======== DATASET EXTRACT

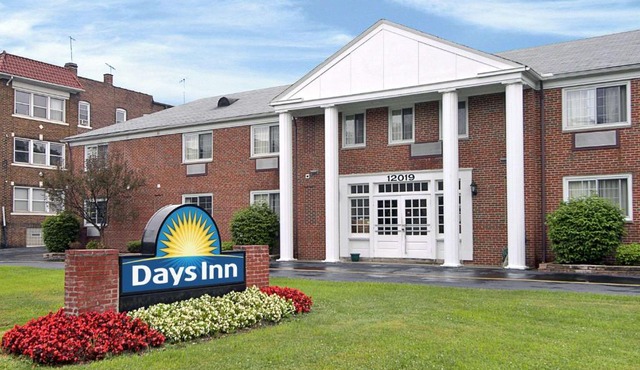 Days Inn by Wyndham Cleveland Lakewood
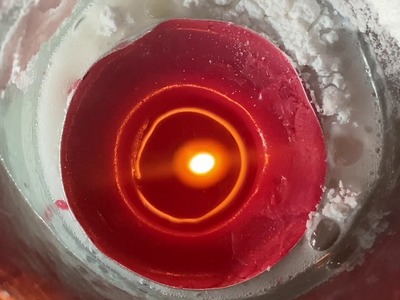 Experiment: Mit Essig und Backpulver Kerzen löschen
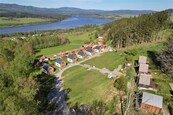 Zasíťovaný pozemek s výhledem na vodu 371m2 Horní Planá, cena 2690000 CZK / objekt, nabízí 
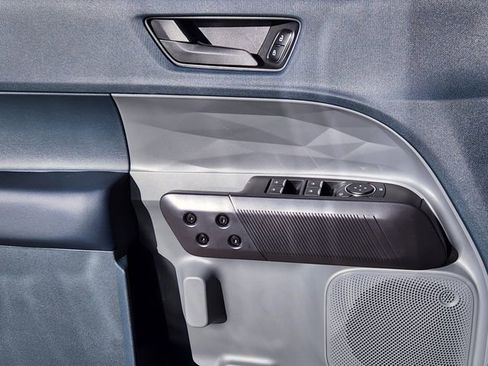 New 2025 Ford Maverick XLT w/ XLT Luxury Package image 9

================

§ WORK REQUEST
Set the lines down exactly as they stand, from the one containing "Experiment: Mit Essig" through the end of the listing, omitting every picture.

§ WRITTEN ANSWER
 Experiment: Mit Essig und Backpulver Kerzen löschen
 Zasíťovaný pozemek s výhledem na vodu 371m2 Horní Planá, cena 2690000 CZK / objekt, nabízí 
 New 2025 Ford Maverick XLT w/ XLT Luxury Package image 9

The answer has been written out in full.